1° L’intitulé du chapitre III du titre Ier du livre Ier est complété par les mots : « et de la collégialité de l’instruction » ;

2° Avant l’article 49, est insérée une division ainsi rédigée : « Section 1 : Du juge d’instruction » ;

3° Le premier alinéa de l’article 49 est complété par les mots : « avec, le cas échéant, le concours d’un ou plusieurs juges cosaisis ou du collège de l’instruction » ;

4° L’article 52-1 est ainsi modifié :

a) Au premier alinéa, les mots : « Dans certains tribunaux de grande instance, » sont supprimés ;

b) Les deuxième et troisième alinéas sont supprimés ;

5° Le chapitre III du titre Ier du livre Ier est complété par une section 2 ainsi rédigée :

« Section 2 : Du collège de l’instruction

« Art. 52-2. – Le collège de l’instruction est chargé, lorsqu’il est saisi soit à l’initiative du juge d’instruction en charge de la procédure, soit sur requête du procureur de la République, soit sur demande d’une partie déposée selon les modalités prévues à l’avant-dernier alinéa de l’article 81, de prendre une des ordonnances mentionnées à l’article 52-4.

« Art. 52-3. – Le collège de l’instruction est composé de trois juges d’instruction, dont le juge saisi de l’information, président.

« Les deux autres juges sont désignés par le président du tribunal de grande instance.

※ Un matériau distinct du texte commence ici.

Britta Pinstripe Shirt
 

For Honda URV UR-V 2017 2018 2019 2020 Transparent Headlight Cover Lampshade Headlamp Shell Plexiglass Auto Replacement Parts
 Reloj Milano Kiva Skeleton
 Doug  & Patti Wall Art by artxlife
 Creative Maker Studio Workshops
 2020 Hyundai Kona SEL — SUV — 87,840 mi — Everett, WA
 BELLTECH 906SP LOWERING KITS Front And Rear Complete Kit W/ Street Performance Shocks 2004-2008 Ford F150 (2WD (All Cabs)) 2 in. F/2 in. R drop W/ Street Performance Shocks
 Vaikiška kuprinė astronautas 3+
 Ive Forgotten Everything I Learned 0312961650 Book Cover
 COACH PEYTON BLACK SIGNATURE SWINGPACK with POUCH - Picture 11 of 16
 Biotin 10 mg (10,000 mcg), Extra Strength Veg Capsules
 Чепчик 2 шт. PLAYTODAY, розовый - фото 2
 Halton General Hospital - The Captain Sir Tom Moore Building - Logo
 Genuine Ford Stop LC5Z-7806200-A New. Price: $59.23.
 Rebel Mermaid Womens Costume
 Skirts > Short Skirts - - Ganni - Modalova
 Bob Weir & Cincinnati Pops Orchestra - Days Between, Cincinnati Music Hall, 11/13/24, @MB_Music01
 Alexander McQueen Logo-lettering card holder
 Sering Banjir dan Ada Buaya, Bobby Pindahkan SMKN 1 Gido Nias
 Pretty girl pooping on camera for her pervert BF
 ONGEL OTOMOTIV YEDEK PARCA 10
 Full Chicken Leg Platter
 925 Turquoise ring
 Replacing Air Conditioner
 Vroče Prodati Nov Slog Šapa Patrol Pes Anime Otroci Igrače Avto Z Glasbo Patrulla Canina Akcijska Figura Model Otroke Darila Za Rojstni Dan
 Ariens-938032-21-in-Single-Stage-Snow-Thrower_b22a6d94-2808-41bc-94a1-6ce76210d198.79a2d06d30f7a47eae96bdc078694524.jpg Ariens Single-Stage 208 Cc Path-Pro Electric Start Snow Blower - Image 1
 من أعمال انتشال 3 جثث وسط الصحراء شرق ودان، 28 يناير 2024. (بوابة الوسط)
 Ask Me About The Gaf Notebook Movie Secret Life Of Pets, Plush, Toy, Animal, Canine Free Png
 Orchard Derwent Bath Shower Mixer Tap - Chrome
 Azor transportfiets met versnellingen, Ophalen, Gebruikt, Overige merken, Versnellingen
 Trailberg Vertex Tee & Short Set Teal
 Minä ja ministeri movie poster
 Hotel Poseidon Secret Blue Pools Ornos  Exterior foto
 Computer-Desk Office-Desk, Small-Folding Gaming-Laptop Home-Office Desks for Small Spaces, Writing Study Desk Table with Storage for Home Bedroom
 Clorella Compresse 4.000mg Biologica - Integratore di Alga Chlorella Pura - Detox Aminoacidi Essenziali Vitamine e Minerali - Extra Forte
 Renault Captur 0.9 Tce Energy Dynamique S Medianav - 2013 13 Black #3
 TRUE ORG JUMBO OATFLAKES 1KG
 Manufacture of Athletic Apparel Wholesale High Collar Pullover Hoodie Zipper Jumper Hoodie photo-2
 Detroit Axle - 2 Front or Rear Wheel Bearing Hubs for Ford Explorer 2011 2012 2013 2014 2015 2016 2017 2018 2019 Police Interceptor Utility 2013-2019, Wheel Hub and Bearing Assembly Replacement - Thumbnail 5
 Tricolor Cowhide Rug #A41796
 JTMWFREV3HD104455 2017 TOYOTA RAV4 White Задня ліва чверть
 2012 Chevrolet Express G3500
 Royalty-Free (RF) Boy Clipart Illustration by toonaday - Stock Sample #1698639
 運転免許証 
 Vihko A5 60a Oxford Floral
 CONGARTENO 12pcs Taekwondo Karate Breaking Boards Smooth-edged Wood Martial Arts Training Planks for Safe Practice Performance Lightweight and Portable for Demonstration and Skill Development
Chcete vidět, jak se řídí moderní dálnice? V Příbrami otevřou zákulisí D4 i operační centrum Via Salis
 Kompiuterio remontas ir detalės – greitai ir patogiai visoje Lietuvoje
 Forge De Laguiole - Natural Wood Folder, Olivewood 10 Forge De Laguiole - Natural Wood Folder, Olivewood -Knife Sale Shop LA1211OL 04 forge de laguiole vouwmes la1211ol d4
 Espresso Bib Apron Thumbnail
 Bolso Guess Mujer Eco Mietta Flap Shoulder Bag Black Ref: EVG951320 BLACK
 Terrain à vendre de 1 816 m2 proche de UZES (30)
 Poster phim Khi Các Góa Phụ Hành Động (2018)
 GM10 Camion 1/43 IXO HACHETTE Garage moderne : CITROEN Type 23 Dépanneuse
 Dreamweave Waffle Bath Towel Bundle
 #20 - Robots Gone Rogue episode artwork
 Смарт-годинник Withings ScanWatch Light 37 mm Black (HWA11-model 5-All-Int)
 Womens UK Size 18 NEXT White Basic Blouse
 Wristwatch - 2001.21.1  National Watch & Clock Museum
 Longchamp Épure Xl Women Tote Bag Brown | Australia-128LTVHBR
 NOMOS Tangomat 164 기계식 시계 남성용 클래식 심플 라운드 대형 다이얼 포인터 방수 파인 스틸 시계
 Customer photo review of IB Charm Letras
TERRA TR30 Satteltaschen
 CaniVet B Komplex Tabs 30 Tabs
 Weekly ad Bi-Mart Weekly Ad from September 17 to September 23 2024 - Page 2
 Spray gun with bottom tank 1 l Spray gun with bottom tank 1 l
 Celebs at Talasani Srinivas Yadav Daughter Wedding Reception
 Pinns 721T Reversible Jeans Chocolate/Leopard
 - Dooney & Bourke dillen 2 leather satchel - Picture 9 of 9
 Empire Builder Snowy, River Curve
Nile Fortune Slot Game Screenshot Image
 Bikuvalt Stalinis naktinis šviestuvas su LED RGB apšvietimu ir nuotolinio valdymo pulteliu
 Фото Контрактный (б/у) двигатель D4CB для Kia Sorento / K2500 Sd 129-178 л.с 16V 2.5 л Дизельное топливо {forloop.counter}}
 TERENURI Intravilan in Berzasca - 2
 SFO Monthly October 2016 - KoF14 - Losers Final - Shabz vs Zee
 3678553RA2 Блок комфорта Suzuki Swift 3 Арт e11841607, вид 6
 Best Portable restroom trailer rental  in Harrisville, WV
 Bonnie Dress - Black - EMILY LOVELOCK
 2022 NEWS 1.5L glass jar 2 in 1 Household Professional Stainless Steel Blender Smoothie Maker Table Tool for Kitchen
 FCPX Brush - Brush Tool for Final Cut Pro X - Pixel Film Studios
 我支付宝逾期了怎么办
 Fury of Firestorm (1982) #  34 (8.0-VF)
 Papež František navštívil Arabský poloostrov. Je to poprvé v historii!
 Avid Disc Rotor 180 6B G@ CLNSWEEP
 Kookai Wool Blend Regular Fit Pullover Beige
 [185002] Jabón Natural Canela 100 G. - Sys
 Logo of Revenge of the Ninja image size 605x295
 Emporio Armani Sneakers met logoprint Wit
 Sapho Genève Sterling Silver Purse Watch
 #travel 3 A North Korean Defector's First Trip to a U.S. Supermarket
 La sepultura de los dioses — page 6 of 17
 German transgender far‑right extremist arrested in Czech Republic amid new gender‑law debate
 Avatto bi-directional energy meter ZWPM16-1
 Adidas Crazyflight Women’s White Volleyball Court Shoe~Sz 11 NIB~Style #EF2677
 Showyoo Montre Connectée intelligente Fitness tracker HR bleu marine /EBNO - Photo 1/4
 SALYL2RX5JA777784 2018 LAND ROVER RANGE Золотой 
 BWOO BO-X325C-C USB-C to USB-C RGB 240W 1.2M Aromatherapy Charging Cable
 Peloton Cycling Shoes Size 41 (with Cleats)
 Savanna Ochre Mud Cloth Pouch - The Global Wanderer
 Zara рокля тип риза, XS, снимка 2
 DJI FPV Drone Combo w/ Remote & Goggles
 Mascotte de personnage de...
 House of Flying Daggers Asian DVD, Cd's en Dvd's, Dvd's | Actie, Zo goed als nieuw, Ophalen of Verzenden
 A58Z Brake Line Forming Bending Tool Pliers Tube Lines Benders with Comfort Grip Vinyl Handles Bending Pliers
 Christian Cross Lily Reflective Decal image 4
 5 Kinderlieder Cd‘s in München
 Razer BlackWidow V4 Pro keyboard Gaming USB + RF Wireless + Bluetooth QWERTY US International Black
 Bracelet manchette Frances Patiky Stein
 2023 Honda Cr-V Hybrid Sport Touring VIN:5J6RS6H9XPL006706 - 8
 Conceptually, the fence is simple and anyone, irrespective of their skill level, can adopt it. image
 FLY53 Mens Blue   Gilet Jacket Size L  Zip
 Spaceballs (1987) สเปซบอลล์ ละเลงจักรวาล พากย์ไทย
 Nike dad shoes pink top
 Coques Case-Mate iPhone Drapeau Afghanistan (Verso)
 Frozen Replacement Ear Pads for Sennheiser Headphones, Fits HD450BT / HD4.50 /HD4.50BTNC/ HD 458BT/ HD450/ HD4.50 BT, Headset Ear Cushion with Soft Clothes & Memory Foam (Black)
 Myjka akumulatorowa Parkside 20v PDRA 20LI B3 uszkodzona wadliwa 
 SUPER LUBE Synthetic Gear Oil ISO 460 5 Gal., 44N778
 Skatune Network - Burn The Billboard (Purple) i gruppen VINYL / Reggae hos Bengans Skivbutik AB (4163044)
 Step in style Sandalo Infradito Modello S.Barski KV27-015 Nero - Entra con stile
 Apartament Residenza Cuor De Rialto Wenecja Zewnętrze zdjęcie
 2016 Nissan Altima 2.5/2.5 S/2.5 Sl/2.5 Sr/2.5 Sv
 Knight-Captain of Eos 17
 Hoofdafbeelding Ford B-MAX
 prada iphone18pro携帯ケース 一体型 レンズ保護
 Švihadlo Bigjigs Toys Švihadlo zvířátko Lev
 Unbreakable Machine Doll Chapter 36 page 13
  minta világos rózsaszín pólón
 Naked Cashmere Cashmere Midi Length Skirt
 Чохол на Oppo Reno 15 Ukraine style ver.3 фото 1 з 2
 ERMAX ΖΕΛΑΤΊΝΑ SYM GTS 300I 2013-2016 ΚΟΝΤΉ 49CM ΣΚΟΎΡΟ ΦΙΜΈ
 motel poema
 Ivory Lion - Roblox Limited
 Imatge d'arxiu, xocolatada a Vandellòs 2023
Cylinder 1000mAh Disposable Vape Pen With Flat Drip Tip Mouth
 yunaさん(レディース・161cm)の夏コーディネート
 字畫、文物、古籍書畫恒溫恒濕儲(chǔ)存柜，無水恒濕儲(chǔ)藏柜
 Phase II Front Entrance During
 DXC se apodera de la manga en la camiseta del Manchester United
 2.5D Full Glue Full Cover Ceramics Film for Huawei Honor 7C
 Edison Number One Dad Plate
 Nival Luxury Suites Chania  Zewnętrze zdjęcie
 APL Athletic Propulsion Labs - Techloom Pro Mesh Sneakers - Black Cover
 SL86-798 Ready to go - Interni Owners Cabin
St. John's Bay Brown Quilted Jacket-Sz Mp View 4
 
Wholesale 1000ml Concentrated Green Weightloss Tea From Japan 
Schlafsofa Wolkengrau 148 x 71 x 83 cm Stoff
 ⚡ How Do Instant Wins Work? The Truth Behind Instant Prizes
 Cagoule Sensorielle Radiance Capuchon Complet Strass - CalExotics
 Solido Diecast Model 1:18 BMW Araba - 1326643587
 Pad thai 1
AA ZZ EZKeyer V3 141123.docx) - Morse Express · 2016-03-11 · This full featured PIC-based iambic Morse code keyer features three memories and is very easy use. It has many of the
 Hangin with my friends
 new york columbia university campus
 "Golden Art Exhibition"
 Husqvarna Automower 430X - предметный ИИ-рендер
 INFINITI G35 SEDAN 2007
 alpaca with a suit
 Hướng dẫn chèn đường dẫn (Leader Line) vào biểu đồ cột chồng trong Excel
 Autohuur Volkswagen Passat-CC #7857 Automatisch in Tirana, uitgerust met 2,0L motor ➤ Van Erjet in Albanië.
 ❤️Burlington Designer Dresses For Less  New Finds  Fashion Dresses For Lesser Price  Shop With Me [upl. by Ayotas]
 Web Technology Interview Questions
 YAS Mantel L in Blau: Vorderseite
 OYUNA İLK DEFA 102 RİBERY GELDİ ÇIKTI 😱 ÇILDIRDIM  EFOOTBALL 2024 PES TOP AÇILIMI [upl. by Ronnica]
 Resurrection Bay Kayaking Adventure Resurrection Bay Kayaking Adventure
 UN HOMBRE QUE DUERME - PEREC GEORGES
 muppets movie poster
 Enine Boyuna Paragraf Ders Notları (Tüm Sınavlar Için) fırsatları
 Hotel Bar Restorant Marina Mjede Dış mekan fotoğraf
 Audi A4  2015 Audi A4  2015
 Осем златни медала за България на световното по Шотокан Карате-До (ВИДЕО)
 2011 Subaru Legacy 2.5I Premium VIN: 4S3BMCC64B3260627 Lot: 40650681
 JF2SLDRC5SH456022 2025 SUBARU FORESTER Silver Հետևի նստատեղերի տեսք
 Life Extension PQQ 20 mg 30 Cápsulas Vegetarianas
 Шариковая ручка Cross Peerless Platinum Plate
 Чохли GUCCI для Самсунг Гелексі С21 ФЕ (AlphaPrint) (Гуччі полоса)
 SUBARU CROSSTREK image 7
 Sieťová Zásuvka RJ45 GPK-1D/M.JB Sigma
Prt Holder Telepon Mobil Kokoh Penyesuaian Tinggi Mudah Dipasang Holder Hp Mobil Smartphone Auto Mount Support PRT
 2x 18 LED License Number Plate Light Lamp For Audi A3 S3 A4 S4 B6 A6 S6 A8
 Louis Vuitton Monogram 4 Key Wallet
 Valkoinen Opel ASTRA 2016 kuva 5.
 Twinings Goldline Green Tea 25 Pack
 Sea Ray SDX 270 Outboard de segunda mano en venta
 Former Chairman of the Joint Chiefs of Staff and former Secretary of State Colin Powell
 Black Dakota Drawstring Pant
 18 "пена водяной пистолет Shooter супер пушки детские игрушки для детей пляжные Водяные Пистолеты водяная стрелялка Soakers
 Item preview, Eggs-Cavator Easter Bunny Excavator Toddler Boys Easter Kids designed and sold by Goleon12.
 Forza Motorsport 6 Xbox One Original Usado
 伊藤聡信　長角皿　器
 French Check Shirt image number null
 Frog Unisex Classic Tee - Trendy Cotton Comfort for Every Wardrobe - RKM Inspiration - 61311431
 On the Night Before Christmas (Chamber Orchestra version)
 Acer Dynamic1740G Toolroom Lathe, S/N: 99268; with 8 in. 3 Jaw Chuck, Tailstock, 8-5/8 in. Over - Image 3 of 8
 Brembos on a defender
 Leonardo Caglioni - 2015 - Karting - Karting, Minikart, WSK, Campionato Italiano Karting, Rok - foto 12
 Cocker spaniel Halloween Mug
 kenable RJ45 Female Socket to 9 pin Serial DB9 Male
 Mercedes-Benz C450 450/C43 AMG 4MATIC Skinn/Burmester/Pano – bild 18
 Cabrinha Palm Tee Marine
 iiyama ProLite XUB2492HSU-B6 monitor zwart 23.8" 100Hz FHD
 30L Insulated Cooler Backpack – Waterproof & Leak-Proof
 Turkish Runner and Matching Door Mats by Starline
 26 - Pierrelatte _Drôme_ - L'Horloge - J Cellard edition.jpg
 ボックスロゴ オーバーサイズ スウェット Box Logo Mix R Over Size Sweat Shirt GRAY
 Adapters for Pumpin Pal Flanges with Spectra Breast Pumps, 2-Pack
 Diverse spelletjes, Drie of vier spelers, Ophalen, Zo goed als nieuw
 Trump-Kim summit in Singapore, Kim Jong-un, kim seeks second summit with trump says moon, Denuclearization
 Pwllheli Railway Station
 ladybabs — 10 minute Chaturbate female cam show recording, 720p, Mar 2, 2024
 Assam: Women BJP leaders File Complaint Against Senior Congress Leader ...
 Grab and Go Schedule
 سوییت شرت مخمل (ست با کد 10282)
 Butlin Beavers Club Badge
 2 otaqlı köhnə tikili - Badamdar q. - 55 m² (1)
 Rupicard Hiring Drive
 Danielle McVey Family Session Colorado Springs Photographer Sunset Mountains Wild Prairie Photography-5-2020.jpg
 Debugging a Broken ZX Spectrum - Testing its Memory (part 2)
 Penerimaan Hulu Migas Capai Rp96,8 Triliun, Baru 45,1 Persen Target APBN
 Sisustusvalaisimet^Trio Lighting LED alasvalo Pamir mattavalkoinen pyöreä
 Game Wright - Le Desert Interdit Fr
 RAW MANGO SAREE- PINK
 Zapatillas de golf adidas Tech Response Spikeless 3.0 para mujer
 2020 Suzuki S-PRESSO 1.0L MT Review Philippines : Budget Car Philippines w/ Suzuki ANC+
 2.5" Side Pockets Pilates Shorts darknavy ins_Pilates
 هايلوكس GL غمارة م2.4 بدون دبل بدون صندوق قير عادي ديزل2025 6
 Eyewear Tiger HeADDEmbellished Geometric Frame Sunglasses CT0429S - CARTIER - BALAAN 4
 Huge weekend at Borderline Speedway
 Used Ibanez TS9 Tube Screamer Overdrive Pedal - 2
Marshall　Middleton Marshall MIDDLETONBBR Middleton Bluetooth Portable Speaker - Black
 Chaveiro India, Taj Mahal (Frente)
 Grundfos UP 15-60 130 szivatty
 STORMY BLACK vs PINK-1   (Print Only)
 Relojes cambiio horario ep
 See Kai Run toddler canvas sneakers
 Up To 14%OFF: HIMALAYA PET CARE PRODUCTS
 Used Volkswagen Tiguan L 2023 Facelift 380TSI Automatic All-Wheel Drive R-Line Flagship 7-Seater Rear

Celui-ci peut établir à cette fin une ordonnance de roulement.

« Lorsque l’information fait l’objet d’une cosaisine, le ou les juges cosaisis font partie du collège de l’instruction. Si plus de trois juges ont été désignés dans le cadre de la cosaisine, l’ordre de leur désignation détermine leur appartenance au collège, sauf décision contraire du président du tribunal de grande instance.

« Lorsque, dans un tribunal de grande instance, le nombre de juges d’instruction ne suffit pas pour composer le collège, l’un des membres du collège peut être désigné parmi les autres juges du siège du tribunal.

« Les membres du collège de l’instruction sont désignés lors de la saisine de celui-ci ; cette désignation vaut également pour les autres saisines qui peuvent intervenir dans le cadre de la même information.

« Les désignations prévues au présent article sont des mesures d’administration judiciaire non susceptibles de recours.

« Art. 52-4. – Lorsqu’il est saisi dans les conditions prévues à l’article 52-2, le collège de l’instruction est compétent pour prendre une des ordonnances suivantes :

« 1° Ordonnance statuant sur la demande d’une personne mise en examen tendant à devenir témoin assisté en application de l’article 80-1-1 ;

« 2° Ordonnance statuant sur une demande d’acte déposée en application des articles 81, 82-1, 82-2 et 167 ;

« 3° Ordonnance statuant sur les demandes relatives au respect du calendrier prévisionnel de l’information, en application de l’article 175-1 ;

« 4° Ordonnance statuant sur les demandes des parties déposées après l’avis de fin d’information en application du quatrième alinéa de l’article 175 ;

« 5° Ordonnance procédant au règlement de l’information en application des articles 176 à 183 ; la demande tendant à la saisine du collège intervient alors dans le délai mentionné au quatrième alinéa de l’article 175.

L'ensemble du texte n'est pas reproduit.